A muito tempo as cidades aparecem decomposta em “problemas urbanos”, supostamente produzidos por um crescimento democrático superior à sua capacidade econômica, fruto de uma migração campo-cidade descontrolada. Paralelamente, admite-se o despreparo de alguns dos governos municipais para assumirem um ativo papel de promotor do desenvolvimento. A maquina administrativa municipal, vista como ineficiente, por estar prisioneira-atrelada a práticas políticas populistas ou clientelistas, se tornaram inaptas para assumir a função de indutora do crescimento econômico do seu município, como é o caso de São Francisco do Sul.

Participação Popular

A proposta do PLANEJAMENTO PARTICIPATIVO, originalmente propõe a consulta popular, objetivando planos que possam dotar o processo de planejamento de elementos que contrabalancem o tecnocratismo, estratégia para que se evite que as populações mais carentes sofram processos de intervenção que desrespeitem as suas condições culturais de sociabilidade e acessibilidade. A ideia é produzir algo capaz de influenciar decisivamente os destinos das cidades.

Caso a Caso

Tendo em vistas que os debates produzidos pelo PLANO DIRETOR, são de fundamental importância, se faz necessário partirmos de um quadro de referências que coloque a cidade de São Francisco do Sul como palco e objeto de conflito no centro do “diagnostico” dos problemas e da formulação das diretrizes do desenvolvimento urbano. Agravam-se os processos de exclusão e segregação entre diferentes camadas sociais no espaço urbano, existe um setor voltado para a exploração de determinados serviços de interesse público, sob forma de concessão do Estado.

Os Interessados

O espaço da nossa cidade também é objeto de disputa entre grupos sociais já que o acesso DIFERENCIADO a determinados BENS, serviços, equipamentos ou amenidades permite o aumento da renda real via valorização do patrimônio imobiliário, assim como maior conforto material e também a reprodução material simbólica de situações de distinção social.

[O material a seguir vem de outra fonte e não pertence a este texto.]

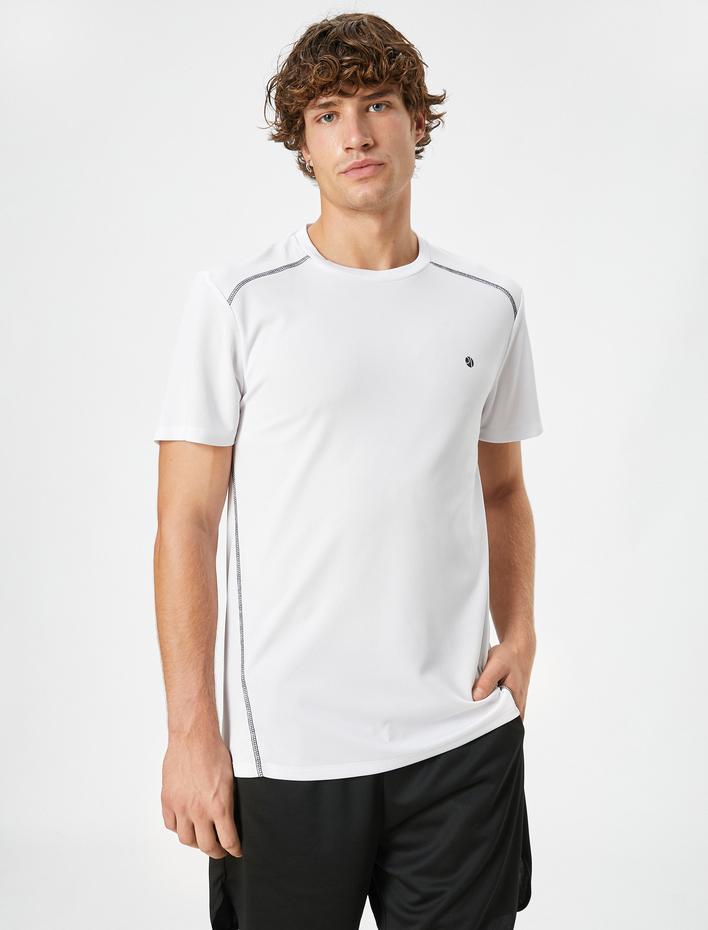  Spor Tişört Dikiş Detaylı Kısa Kollu Bisiklet Yaka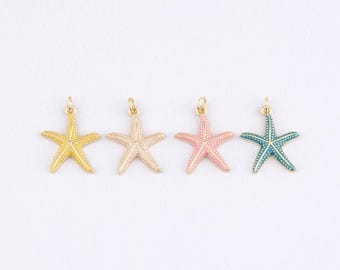 Colgante de estrella de mar chapado en oro de 18 quilates, pulsera con dije de estrella de mar esmaltada, ideal para hacer joyas DIY.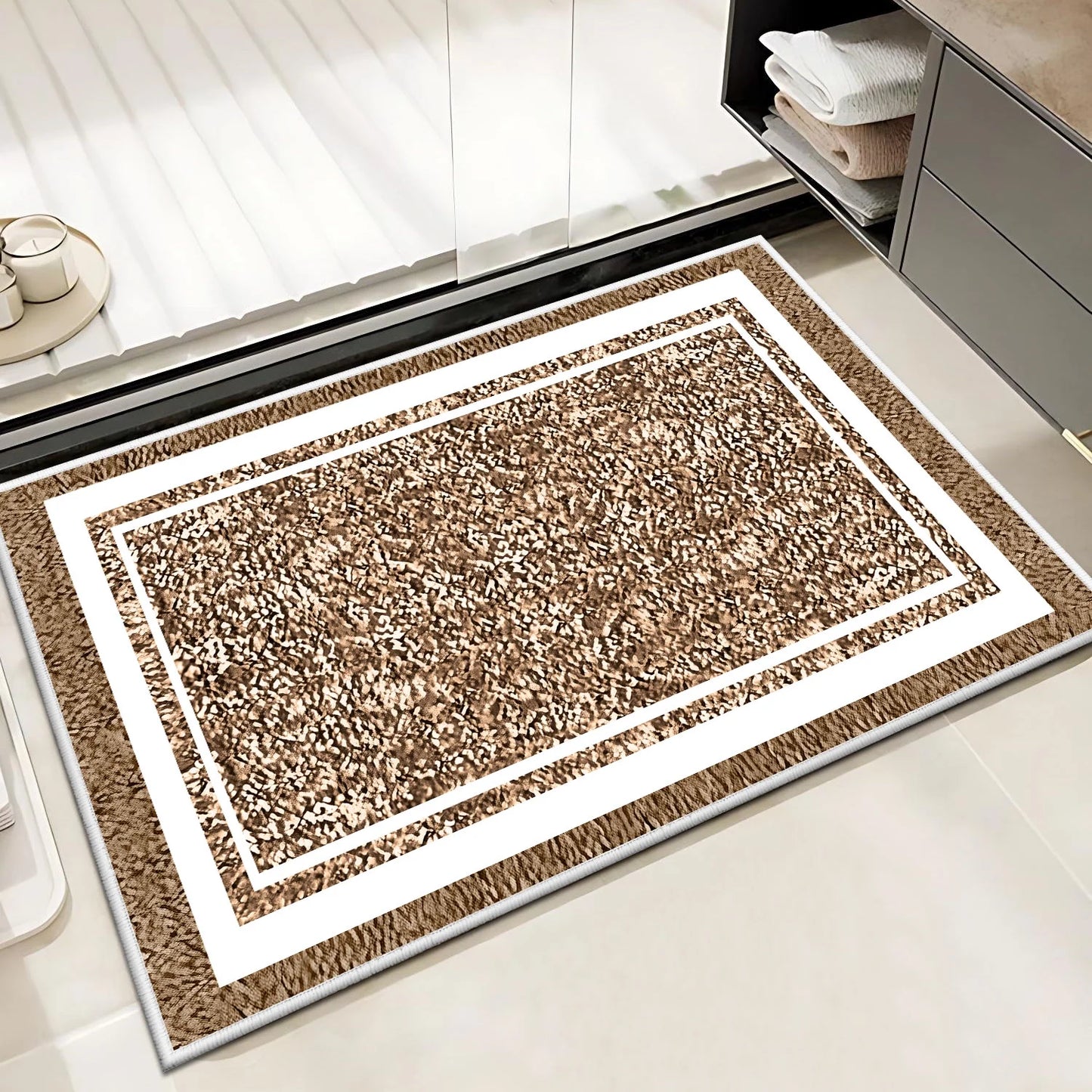 TECHVIDA Bathroom Rugs,Non-Slip Ultra Soft Bath Mat,Soft Absorbent Bathroom Rug and Bath Mat,Machine Washable,(18"x26",Dark Brown and White)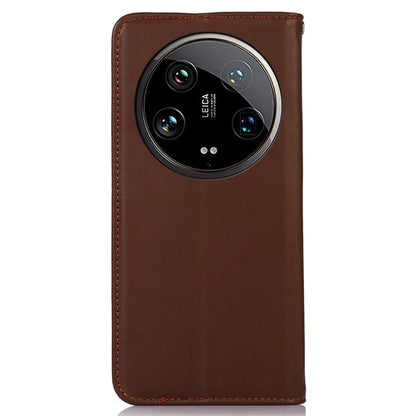 KHAZNEH For Xiaomi 14 Ultra Case RFID Blocking Wallet Genuine Cow Leather Phone Cover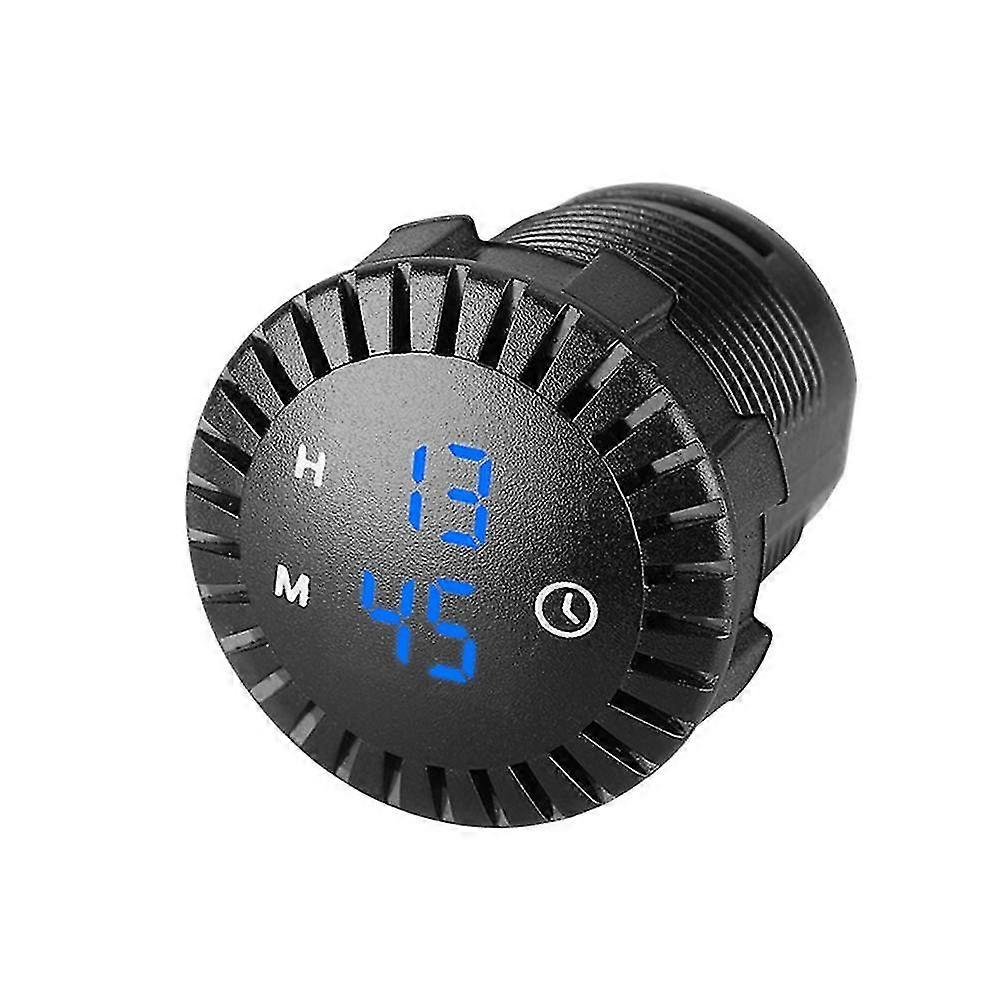 12v/24v touch digital clock for automotive car boat motorcycle led display hours minutes（blue） p
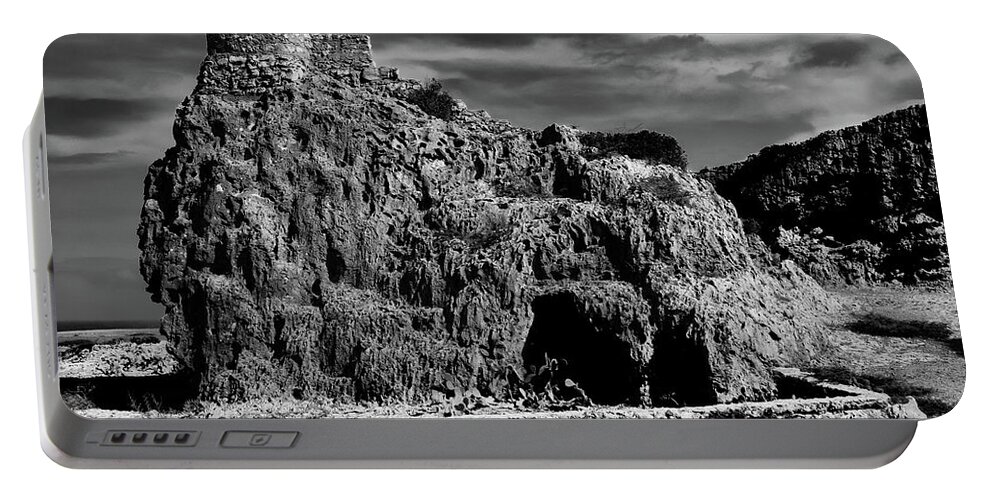 Cave Portable Battery Charger featuring the photograph Cave in BW by Pam Rendall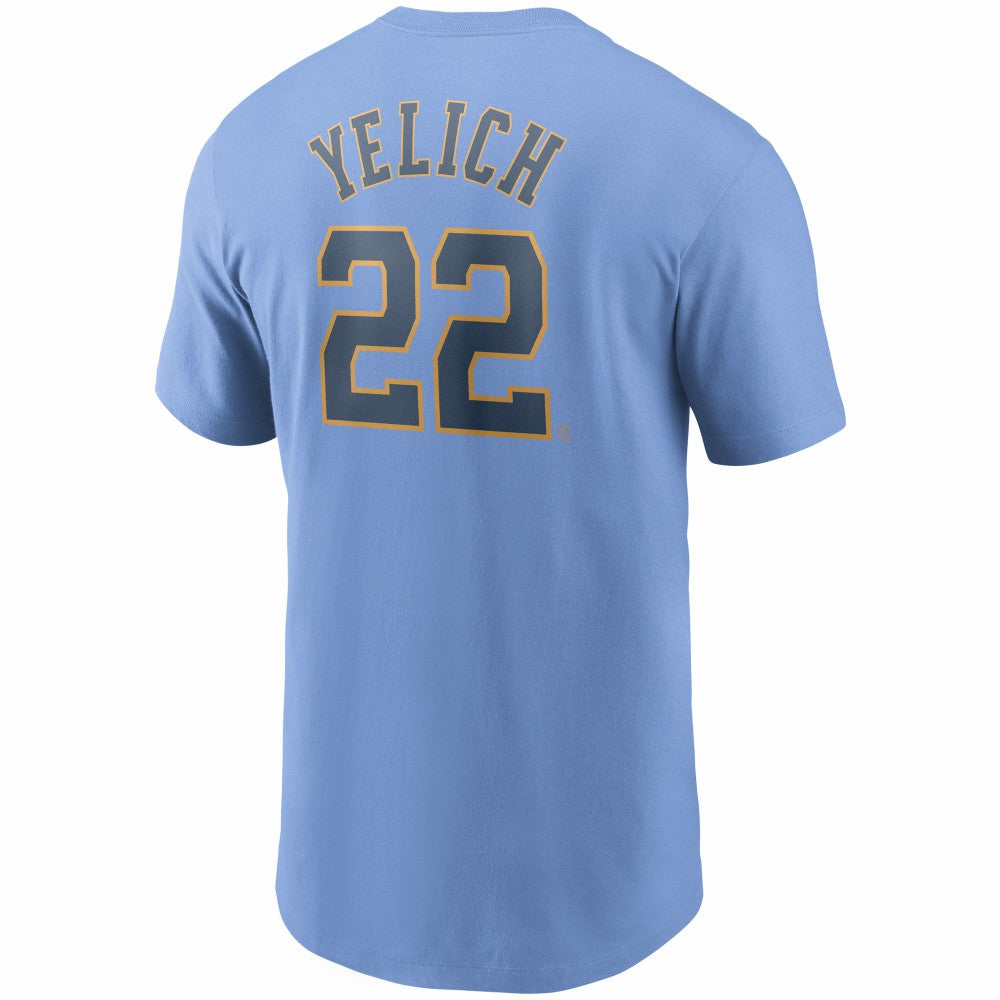 Christian Yelich Milwaukee Brewers Name & Number T-Shirt Light Blue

Isso gera a identificação de determinados espaços do município com certos grupos sociais dominantes, e a exclusão de outras parcelas da população do acesso a estes bens.

Concluindo

Tendo em vista a concepção dos processos de estruturação de uma “CIDADE CAPITALISTA” - o Poder Público, (Executivo, Legislativo e Judiciário), mais a Sociedade Francisquense, juntas, tem o poder de estabelecer condições e objetivos que poderão nortear a elaboração do “PLANO DIRETOR POLETIZADO” (cinco anos sob avaliação do legislativo municipal). Evidentemente que estamos longe de chegar a um denominador comum, no entanto se faz necessário uma ação global que facilite a desenrolar da REVISÃO DO PLANO DIRETOR de São Francisco do Sul. Precisa-se usar instrumentos que estejam previstos na constituição, bem como amenizar os conhecidos efeitos perversos de clientelismo. Neste sentido nossas autoridades deveriam assumir claramente o compromisso com a materialização de Planos e Projetos voltados para a Proteção Ambiental, Crescimento Sustentável e na Redução das Desigualdades Sociais da nossa Bela “São Chico”. Ao finalizar, lembramos que; “Nenhum plano de uso de solo pode ser estabelecido de forma consequente, sem que esteja evidentemente vinculado a uma política urbana”.